New Brunswick — In a campaign bombshell, it has been reported that People’s Alliance Leader Kris Austin is seeking to end duality in the province not by eliminating French programs, but rather English ones.
“All I’ve said is that I want to end duality,” he explained. “I never said how I was going to do it. Everyone just assumed it would be by eliminating French stuff, but it’ll actually be easier if I just cut the English things out instead.”
Austin revealed that he came to this conclusion during harsh backlash from critics who suggested his party was infringing on Acadian rights and that he and his party were exemplifying qualities not in line with the values and ethics of New Brunswickers.
“We have a very dedicated, loud minority supporting us,” he continued. “And I love them very much. They don’t care about our inexperience, they don’t care about our grammar, they don’t care about our history of offensive remarks — they just care about the fact that we’re not red or blue and I love that about them.
“But, if we’re going to make a real impact in the province, we’re going to have to broaden our following, and to do that I came up with this plan where I’ll continue to talk about how French is the problem to keep my current supporters on board, but I’ll also appeal to the French population and those compassionate to them by cutting English programs. It’s a win-win-win.”
Our reporter asked Fredericton residents for their opinion on the matter and found that PANB supporters were willing to stand behind Austin’s platform no matter what it was.
“If Kris says it’s a good idea, then I’m 200 per cent on board,” explained Freddy Mariota, who apparently doesn’t understand how percentages work. “He’s got my vote and he’ll always have it. Let’s get the politicians out and the people who don’t know what they’re doing in — it worked in America and it’ll work here!”

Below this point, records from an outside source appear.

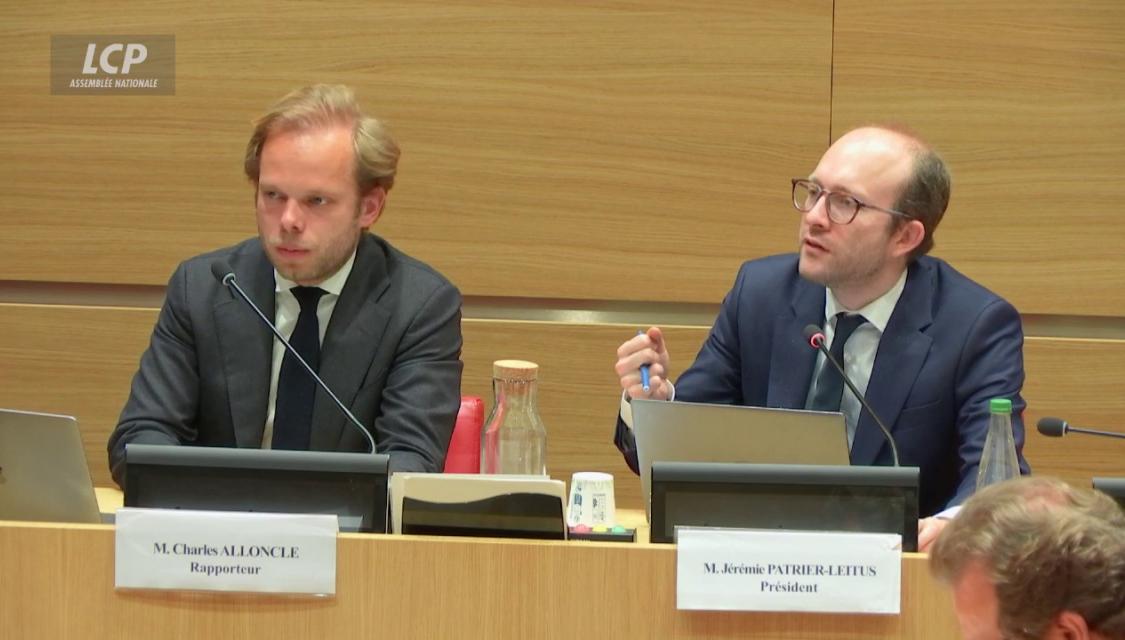 Charles Alloncle et Jérémie Patrier-Leitus, le 7 avril 2026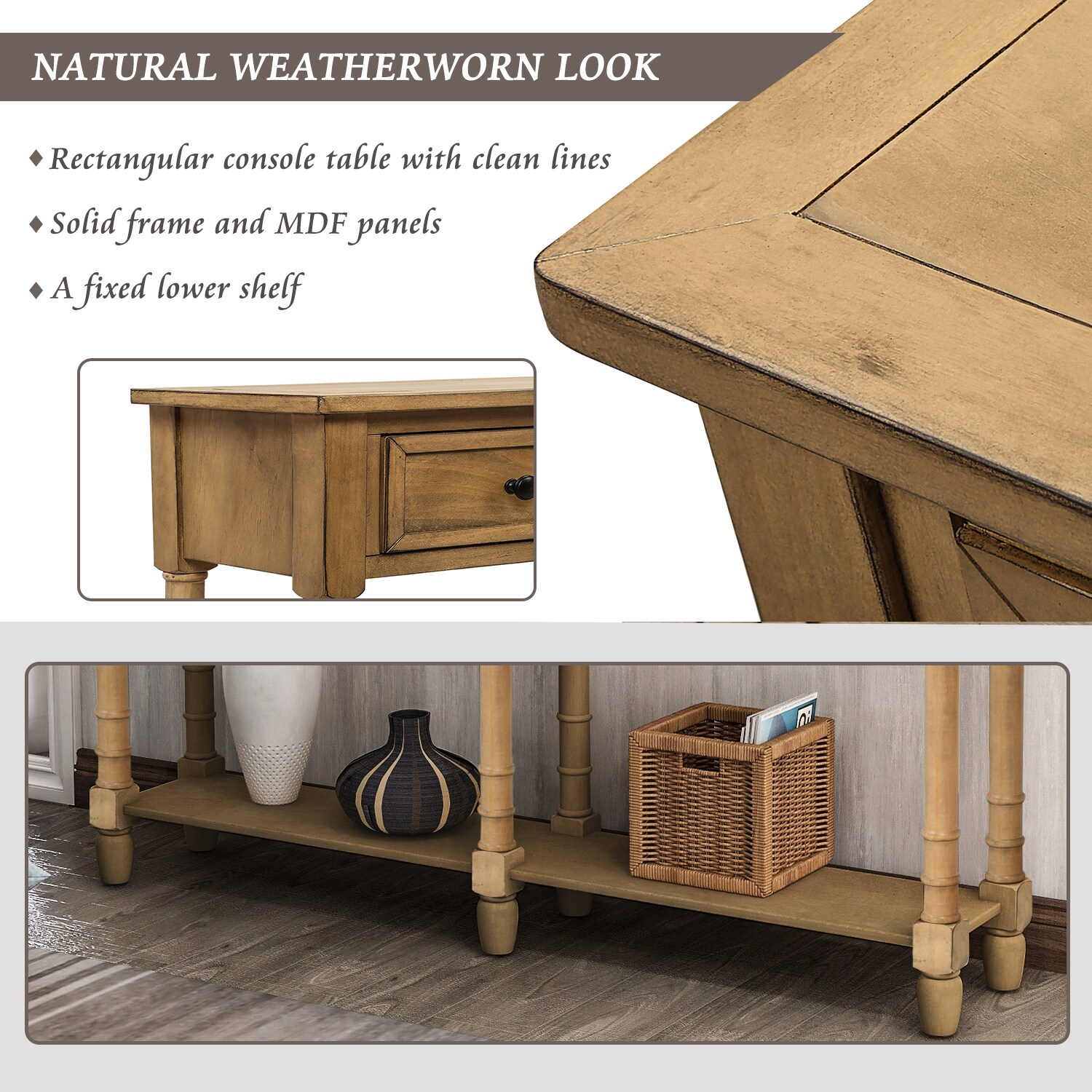 SINOFURN SYA010268WT Console-Sofa-Tables - View #7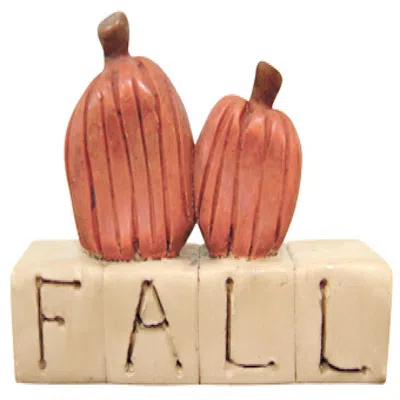 Homegifo Fall Resin Block In Pink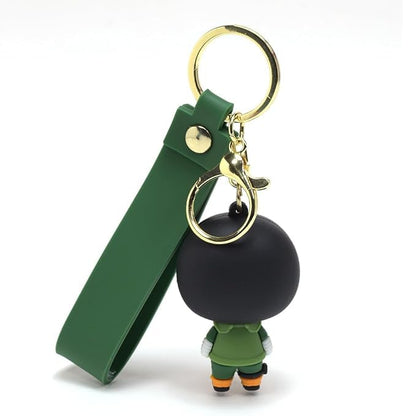 Stylish Anime 3D Rubber Keychain: Cute, Durable, and Long-Lasting with a Generous Ribbon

Austin went on to say the fact that he’s not bilingual also played a part in the formation of his new plan.
“I was picturing myself trying to deal with these French people and trying to communicate with them and it seemed like a nightmare. Imagine me there, needing to get valuable information and have meaningful conversations with people I can’t even understand and who don’t understand me! That is not a world I want to live in at all.”
Austin will be in Fredericton campaigning this weekend as he continues to encourage people to “be the change” while giving no indication what that change actually consists of — other than the colour of the party you vote for.
“Tired of Blue and Red? Vote Purple and clear you’re head!” read the side of Austin’s purple minivan as he drove away, blissfully unaware of the grammatical error in his slogan.